A federal judge raised concerns Wednesday about the Trump administration’s policy of quickly expelling migrants during the coronavirus pandemic, ordering border officials to halt the removal of an unaccompanied teenage boy from Honduras.
For the second time this month, Judge Carl Nichols of the U.S. District Court in Washington, a conservative who was named to the bench by President Trump, blocked the deportation of the 16-year-old Honduran boy at the center of one of first legal challenges against the border expulsions. The administration has justified the expulsions under an emergency order issued by the Centers for Disease Control and Prevention (CDC).
During a hearing Wednesday, Nichols said the American Civil Liberties Union (ACLU) and other groups representing the migrant child were likely to succeed in arguing that public health law does not authorize expulsions. Even if the CDC could delegate an expulsion authority to border officials, Nichols said he did not believe those powers override the legal safeguards Congress created for unaccompanied children.
The CDC directive cites a public health law first enacted in the late 19th century and recodified during World War II. It authorizes the surgeon general to bar the “introduction of persons or property” that pose the danger of introducing a communicable disease into the U.S.
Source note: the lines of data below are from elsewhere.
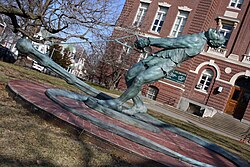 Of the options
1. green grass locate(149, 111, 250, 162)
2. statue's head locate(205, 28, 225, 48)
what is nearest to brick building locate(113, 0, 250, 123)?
green grass locate(149, 111, 250, 162)

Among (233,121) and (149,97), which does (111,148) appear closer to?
(233,121)

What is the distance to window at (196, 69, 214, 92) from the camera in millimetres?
22828

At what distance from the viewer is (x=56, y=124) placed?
3.75m

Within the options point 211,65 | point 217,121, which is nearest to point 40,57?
point 217,121

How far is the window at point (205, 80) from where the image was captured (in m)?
22.8

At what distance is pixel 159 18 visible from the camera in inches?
997

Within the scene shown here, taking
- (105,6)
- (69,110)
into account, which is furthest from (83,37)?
(69,110)

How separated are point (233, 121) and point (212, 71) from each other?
4.93 m

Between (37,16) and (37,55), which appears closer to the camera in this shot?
(37,55)

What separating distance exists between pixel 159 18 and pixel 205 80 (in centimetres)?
760

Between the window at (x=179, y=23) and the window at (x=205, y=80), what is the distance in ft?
14.6

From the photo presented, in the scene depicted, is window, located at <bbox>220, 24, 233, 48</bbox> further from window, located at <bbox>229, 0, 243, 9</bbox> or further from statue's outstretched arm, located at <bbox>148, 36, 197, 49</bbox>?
statue's outstretched arm, located at <bbox>148, 36, 197, 49</bbox>

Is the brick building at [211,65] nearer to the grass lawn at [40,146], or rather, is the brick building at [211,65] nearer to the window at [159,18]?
the window at [159,18]

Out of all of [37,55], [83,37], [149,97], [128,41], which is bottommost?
[149,97] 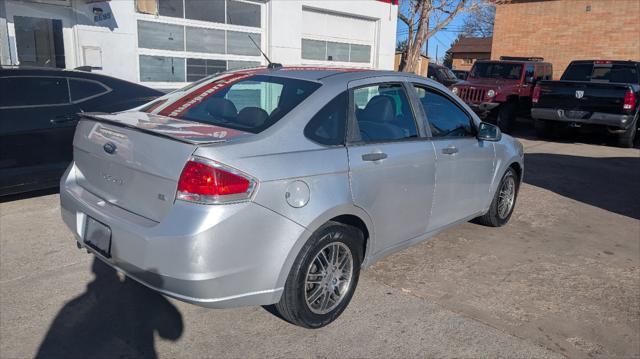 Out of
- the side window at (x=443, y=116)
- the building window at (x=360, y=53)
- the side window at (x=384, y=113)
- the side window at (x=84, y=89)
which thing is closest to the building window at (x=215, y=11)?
the building window at (x=360, y=53)

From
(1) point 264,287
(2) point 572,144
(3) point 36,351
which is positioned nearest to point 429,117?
(1) point 264,287

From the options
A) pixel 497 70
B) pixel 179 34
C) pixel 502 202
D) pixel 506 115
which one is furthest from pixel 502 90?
pixel 502 202

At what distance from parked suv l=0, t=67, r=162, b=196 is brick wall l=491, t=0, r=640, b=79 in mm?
23514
Since the law lacks any provisions for removals, the top ACLU attorney in the case, Lee Gelernt, argued during the hearing that the CDC order can’t be used to expel people. Deportations should take place under immigration laws, which have provisions barring the entry of those with communicable diseases, Gelernt contended.
Jean Lin, a Justice Department attorney representing the administration, disagreed, saying public health law includes an implied power of “physical removal,” according to a transcript of the hearing.
Both Lin and Nichols noted that the public health law is broad, with the Justice Department lawyer arguing it could hypothetically greenlight the removal of U.S. citizens, despite the constitutional concerns of such a policy.
But Nichols expressed doubts about the purported deportation power of the law cited by the CDC order.
“It seems to me, though, that there’s a difference between barring the entry of persons, including U.S. citizens” and “authorizing the removal of persons who have made it into the physical United States,” the judge said.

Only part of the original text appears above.